(Stored entries)
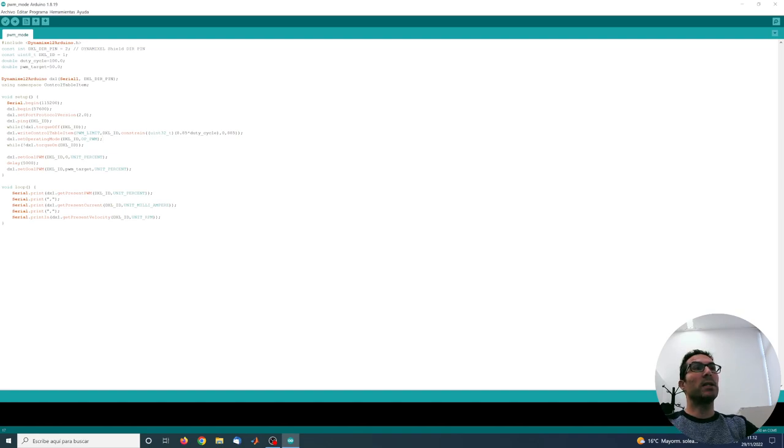Then I'm setting the voltage to zero, wait five seconds so I have time to activate the Arduino plotter, and then I set the PWM to a target value — in this case 50% — and here in the Arduino loop I'm monitoring for monitoring purposes the actual PWM value, the current, and the velocity. So let's upload this code and see how it works.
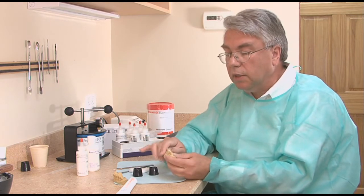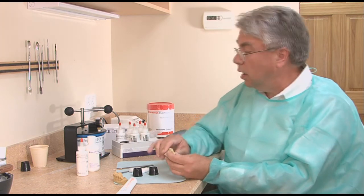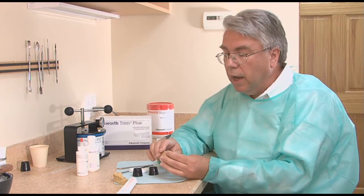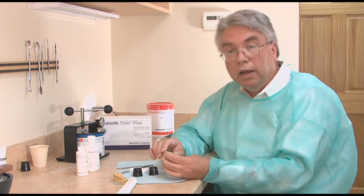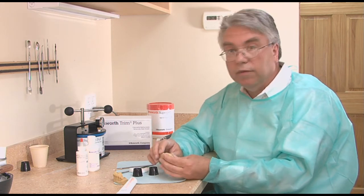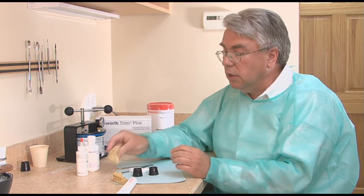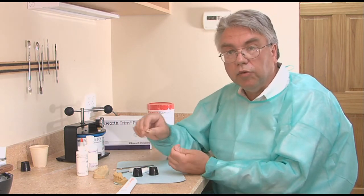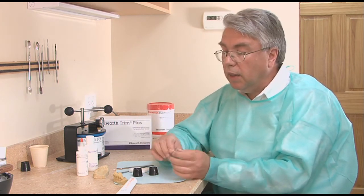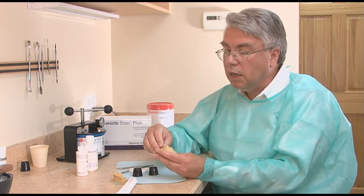Take it out, re-trim it, check the occlusion. At that time I will have it polished. Pumice is a great polishing product. I sometimes have my staff use profi paste — a medium or coarse profi paste, then eventually a fine profi paste on the crown. The tooth is cleaned off again, and the inside of the temporary crown is cleaned out because it did have the lubricant in it. Then I use a non-eugenol cement and re-cement it onto the tooth.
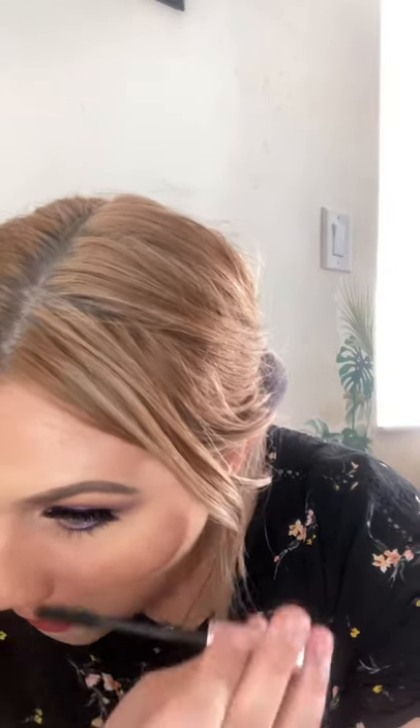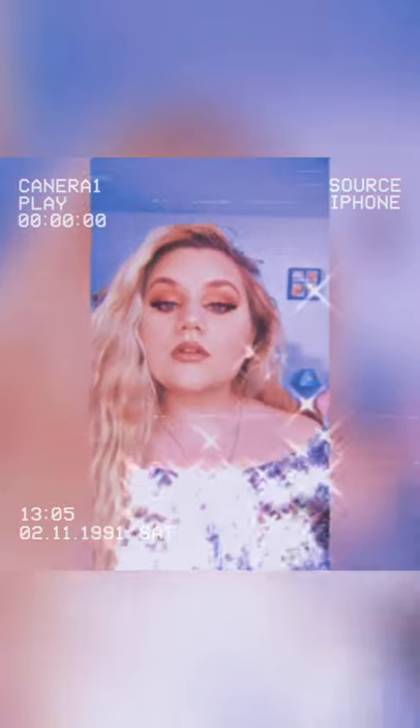Now I'm taking my Lash Paradise Voluminous Mascara and doing my bottom lashes. I also used this for my top lashes. And this is the final look — I hope you guys like it! If you want to see more videos like this, make sure to follow my page. Here's a close-up of what it looks like. It came out super cute, super nice — I'm actually really obsessed with it. Thank you guys so much for watching. Love you all!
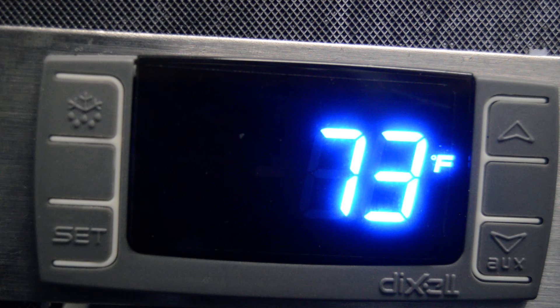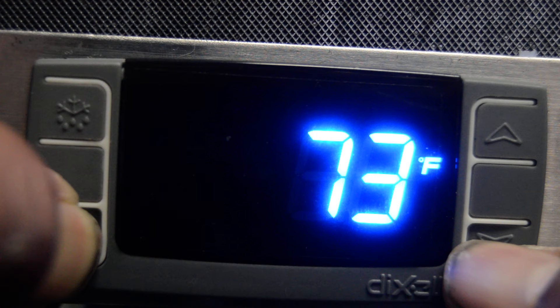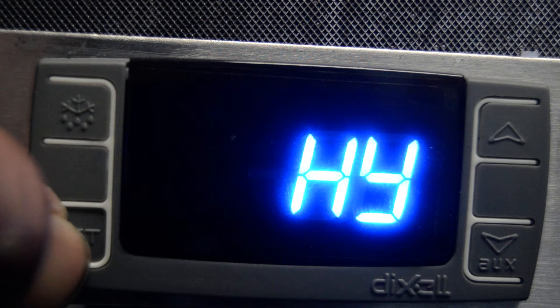Whenever we have a DEXA controller, like the one here, and we're trying to set the defrost timing to be a little bit different, you're going to start just getting into the settings by holding down the SET button and the down arrow together until it reads HY. At that point, we'll let go.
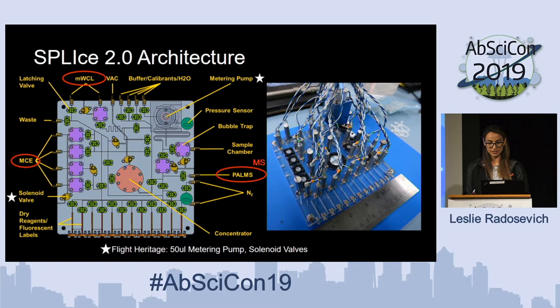In the case of all of these manifolds, each of these components were again tested individually and then integrated into one full suite that takes samples and allows them to be processed and delivered to multiple instruments. In all of these manifolds, we're working with flight-heritage 50-microliter pumps and solenoid valves. The integration of these manifolds is on the scale of inches — about five inches by five inches — and each weighs only about half a kilogram.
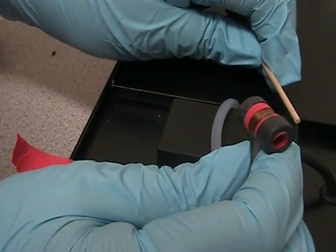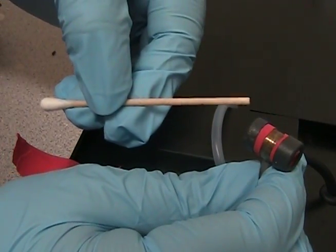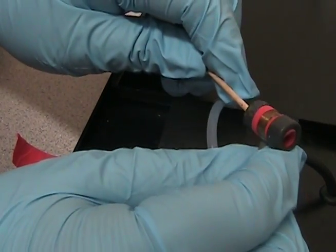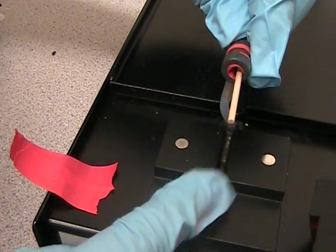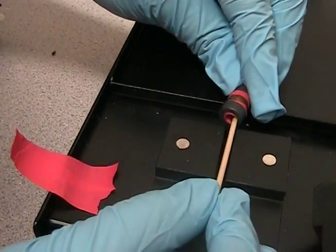Now we're going to demonstrate how the tail is used to take the blood pressure. We're using a Q-tip. We place the Q-tips through the tail cuffs and place it down in between this area, like so.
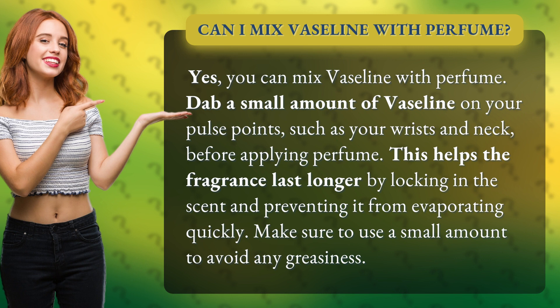This helps the fragrance last longer by locking in the scent and preventing it from evaporating quickly. Make sure to use a small amount to avoid any greasiness.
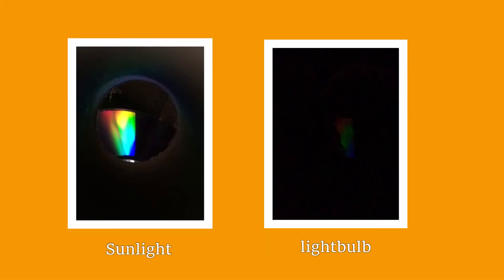So what's actually happening? When you look through your spectroscope, you're seeing an emission spectrum. When the light hits your CD, it's diffracted — this means that the white light coming into your box is split up into different colours. When we look at sunlight, we can see all the colours of the rainbow. Other light sources, like light bulbs, sometimes only use a few colours that add up to look white.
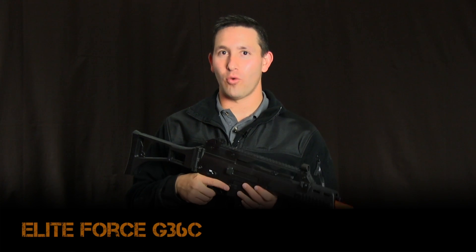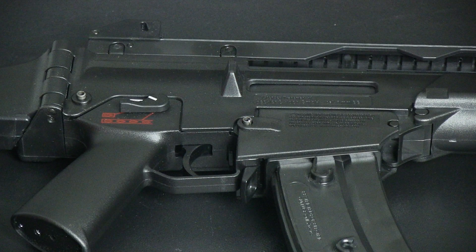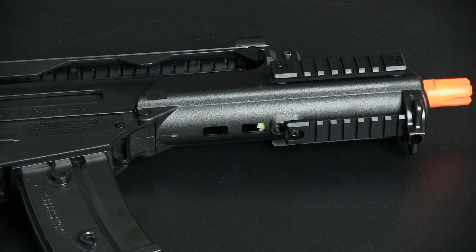Hey guys, Matt with Fox Airsoft here today. We're taking a peek at the Elite Force G36C. I'm sure some of you guys are sick and tired of seeing M4s out there — well, here's your answer to get out on that CQB field with a little bit something different.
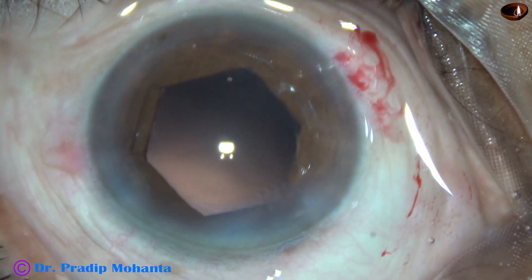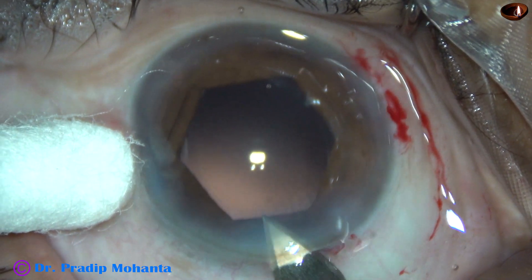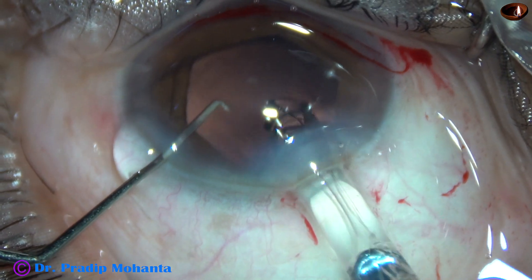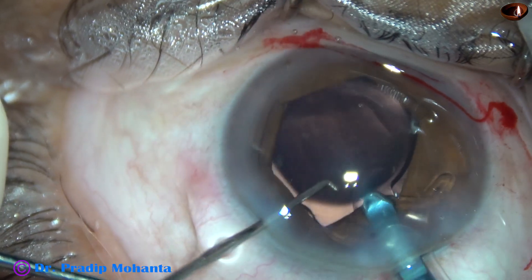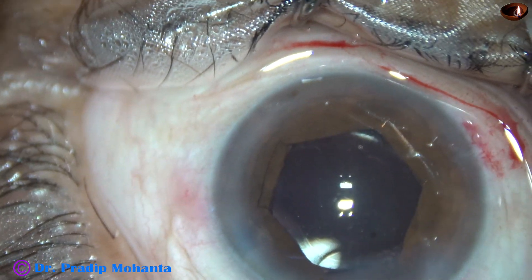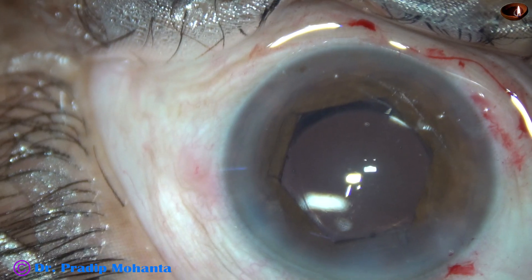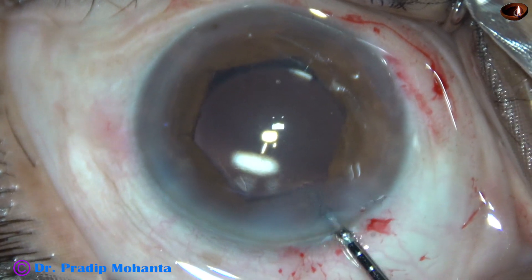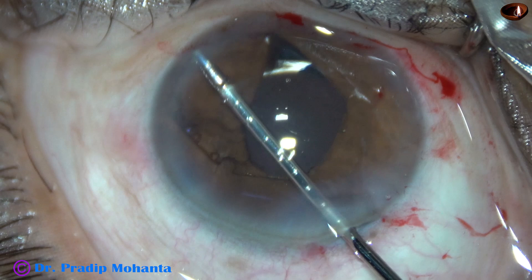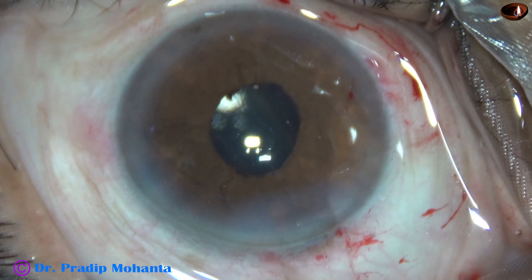Now is the time to implant an intraocular lens. Since this is an enlargement of the main wound, and we have used the B-hex pupil expander, the lens should be delivered in the bag and not over the iris. If we deliver it over the iris, the B-hex may get dislodged. The lens is dialed into position, and now the B-hex pupil expander is removed.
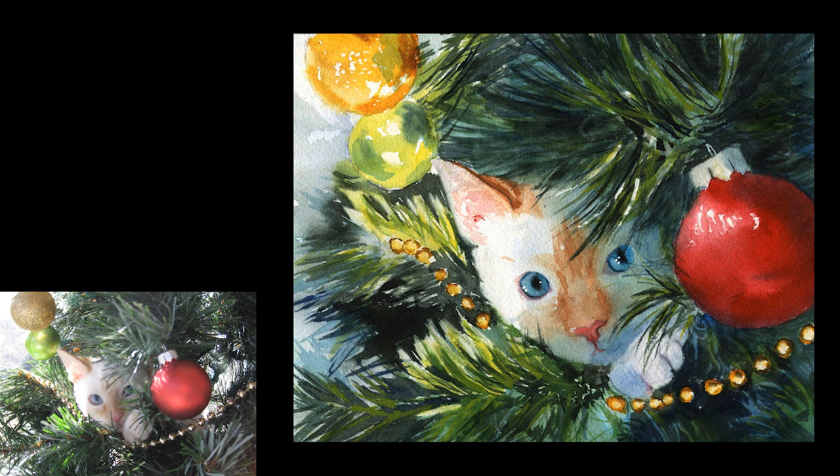Hello everyone! Welcome back to Rachel's studio. In today's video I'm going to show you how I painted the ornaments in this blast from the past painting I did years ago and decided to do again so I could video it for my online students.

## What you should do
Your reply should be the lines of the records from the start through the line with "Now we're going", copied word for word, pictures omitted.

## Problem solution
Then I'm setting the voltage to zero, wait five seconds so I have time to activate the Arduino plotter, and then I set the PWM to a target value — in this case 50% — and here in the Arduino loop I'm monitoring for monitoring purposes the actual PWM value, the current, and the velocity. So let's upload this code and see how it works.
Take it out, re-trim it, check the occlusion. At that time I will have it polished. Pumice is a great polishing product. I sometimes have my staff use profi paste — a medium or coarse profi paste, then eventually a fine profi paste on the crown. The tooth is cleaned off again, and the inside of the temporary crown is cleaned out because it did have the lubricant in it. Then I use a non-eugenol cement and re-cement it onto the tooth.
Now I'm taking my Lash Paradise Voluminous Mascara and doing my bottom lashes. I also used this for my top lashes. And this is the final look — I hope you guys like it! If you want to see more videos like this, make sure to follow my page. Here's a close-up of what it looks like. It came out super cute, super nice — I'm actually really obsessed with it. Thank you guys so much for watching. Love you all!
Whenever we have a DEXA controller, like the one here, and we're trying to set the defrost timing to be a little bit different, you're going to start just getting into the settings by holding down the SET button and the down arrow together until it reads HY. At that point, we'll let go.
In the case of all of these manifolds, each of these components were again tested individually and then integrated into one full suite that takes samples and allows them to be processed and delivered to multiple instruments. In all of these manifolds, we're working with flight-heritage 50-microliter pumps and solenoid valves. The integration of these manifolds is on the scale of inches — about five inches by five inches — and each weighs only about half a kilogram.
Now we're going to demonstrate how the tail is used to take the blood pressure. We're using a Q-tip. We place the Q-tips through the tail cuffs and place it down in between this area, like so.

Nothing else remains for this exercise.